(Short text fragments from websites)
○ ○ ○ ○ ○ ○ ○

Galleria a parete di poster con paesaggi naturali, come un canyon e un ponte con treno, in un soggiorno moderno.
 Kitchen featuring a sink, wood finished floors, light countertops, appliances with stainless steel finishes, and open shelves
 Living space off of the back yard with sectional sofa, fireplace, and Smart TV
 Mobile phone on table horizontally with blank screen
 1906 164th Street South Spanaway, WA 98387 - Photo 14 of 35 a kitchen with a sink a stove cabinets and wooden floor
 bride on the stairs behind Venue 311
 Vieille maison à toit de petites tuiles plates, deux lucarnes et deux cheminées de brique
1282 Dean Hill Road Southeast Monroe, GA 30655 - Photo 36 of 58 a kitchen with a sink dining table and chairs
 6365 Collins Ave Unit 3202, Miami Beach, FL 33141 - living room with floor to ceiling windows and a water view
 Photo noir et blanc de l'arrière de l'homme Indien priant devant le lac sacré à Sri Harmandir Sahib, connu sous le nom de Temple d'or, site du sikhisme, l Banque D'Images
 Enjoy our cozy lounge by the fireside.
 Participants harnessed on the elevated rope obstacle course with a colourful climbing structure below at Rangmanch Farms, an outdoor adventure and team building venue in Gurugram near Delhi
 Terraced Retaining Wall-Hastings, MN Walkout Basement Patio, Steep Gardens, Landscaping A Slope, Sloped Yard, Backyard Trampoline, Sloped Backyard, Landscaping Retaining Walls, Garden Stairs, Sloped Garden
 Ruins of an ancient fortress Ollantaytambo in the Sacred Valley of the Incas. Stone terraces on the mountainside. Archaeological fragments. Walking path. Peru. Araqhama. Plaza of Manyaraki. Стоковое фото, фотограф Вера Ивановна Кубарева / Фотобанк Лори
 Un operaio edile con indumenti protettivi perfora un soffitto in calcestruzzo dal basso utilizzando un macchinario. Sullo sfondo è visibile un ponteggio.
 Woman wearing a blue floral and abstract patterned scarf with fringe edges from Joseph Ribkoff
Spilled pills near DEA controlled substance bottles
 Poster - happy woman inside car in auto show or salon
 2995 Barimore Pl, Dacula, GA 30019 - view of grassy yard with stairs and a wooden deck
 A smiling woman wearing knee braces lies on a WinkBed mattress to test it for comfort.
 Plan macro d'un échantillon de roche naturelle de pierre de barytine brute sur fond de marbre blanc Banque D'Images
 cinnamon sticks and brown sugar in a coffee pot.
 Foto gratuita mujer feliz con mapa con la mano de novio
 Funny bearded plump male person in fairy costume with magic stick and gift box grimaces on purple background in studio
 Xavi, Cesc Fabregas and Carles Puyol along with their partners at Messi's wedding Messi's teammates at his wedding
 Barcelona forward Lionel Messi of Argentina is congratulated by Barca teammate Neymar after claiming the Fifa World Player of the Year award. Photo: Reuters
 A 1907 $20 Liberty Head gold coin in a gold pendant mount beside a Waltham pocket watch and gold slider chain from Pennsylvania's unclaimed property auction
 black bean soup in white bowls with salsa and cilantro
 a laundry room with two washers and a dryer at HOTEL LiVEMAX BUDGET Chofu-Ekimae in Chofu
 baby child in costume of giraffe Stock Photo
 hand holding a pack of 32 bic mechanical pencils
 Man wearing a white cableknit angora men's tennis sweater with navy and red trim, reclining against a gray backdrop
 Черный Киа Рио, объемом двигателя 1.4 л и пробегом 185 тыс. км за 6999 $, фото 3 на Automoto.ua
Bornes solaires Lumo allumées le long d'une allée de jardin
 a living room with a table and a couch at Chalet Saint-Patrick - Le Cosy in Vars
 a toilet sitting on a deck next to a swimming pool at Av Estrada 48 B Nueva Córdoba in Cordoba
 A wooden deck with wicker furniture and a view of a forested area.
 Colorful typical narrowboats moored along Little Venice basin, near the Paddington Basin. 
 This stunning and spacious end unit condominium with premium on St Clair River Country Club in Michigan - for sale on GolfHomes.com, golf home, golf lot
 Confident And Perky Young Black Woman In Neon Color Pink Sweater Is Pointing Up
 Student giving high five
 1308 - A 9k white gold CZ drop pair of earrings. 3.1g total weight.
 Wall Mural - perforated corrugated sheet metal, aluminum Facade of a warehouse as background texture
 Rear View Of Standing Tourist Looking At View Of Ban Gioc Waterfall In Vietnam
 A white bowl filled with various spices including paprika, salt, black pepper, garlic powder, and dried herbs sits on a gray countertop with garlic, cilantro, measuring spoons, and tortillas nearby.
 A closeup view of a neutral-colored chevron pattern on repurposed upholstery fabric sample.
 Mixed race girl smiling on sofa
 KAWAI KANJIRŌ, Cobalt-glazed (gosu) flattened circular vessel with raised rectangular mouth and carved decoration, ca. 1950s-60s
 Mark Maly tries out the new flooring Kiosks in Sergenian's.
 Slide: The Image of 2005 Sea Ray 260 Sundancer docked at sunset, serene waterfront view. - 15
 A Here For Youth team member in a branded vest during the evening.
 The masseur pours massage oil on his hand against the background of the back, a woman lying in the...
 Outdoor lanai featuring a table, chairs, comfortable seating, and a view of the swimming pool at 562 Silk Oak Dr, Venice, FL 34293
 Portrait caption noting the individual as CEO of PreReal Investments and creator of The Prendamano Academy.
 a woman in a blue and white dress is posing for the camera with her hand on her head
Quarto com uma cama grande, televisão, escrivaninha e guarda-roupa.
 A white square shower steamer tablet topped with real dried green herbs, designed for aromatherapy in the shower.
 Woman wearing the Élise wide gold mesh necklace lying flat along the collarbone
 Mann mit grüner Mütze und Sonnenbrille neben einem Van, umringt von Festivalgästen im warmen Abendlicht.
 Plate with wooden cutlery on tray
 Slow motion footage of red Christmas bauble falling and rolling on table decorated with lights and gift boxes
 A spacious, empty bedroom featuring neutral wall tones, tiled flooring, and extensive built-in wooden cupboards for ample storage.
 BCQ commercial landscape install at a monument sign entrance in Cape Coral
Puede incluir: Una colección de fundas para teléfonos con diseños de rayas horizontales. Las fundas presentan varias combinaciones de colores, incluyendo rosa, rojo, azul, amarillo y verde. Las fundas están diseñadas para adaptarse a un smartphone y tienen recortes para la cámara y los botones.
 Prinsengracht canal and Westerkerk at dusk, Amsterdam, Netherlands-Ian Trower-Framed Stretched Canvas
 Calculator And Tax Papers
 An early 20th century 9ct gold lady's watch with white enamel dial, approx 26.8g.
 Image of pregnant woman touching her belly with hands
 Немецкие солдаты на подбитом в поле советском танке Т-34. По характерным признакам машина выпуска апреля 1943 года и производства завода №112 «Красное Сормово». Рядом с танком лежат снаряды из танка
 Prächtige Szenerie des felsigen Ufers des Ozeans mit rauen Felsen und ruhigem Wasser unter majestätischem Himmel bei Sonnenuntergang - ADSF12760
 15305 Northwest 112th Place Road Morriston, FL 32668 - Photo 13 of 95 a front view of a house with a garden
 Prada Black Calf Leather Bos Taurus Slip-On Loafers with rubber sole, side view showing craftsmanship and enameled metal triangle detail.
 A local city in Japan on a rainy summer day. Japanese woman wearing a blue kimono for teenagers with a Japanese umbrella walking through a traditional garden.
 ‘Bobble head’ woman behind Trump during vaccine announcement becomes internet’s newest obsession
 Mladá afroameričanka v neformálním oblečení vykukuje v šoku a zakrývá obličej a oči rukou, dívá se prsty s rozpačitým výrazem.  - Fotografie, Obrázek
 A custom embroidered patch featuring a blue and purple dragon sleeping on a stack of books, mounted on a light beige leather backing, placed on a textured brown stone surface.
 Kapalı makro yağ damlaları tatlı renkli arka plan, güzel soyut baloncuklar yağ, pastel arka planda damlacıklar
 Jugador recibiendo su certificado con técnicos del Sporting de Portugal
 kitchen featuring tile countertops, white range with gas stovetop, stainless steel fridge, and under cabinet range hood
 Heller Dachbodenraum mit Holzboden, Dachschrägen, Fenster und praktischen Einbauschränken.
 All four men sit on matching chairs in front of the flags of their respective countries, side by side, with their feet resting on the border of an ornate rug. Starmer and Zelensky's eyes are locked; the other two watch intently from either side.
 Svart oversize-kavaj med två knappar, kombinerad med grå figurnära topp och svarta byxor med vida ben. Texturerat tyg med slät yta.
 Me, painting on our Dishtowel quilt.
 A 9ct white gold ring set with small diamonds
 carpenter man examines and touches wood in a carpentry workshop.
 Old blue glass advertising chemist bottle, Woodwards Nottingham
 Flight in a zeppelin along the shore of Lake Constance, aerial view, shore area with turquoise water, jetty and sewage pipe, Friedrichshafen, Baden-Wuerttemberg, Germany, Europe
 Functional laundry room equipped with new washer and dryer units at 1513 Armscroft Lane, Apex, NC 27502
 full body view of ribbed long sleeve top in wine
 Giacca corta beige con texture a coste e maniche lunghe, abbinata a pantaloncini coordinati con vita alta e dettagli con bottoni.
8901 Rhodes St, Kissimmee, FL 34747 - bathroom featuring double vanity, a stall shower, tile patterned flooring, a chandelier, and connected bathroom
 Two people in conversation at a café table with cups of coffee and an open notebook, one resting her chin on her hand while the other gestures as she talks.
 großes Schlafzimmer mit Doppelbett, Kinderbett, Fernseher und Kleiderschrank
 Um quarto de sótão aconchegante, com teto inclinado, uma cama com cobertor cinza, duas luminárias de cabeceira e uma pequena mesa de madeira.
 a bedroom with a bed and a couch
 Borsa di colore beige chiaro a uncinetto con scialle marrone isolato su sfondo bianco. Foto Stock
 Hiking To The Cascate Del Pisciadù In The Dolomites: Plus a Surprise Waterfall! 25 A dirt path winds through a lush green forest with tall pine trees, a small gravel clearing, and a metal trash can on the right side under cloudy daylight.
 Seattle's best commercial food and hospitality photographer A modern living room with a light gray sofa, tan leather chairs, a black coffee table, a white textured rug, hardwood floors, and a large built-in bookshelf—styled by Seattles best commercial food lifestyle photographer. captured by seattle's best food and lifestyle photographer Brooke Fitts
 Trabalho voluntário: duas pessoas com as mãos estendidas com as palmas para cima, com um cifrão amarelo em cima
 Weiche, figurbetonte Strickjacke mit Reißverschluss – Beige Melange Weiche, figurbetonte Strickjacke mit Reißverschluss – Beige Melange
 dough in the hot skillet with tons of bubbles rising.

○ ○ ○ ○ ○ ○ ○

--- EXERCISE ---
Write down how many lines above contain the string "small", and nothing besides.

--- REPLY TO THE EXERCISE ---
2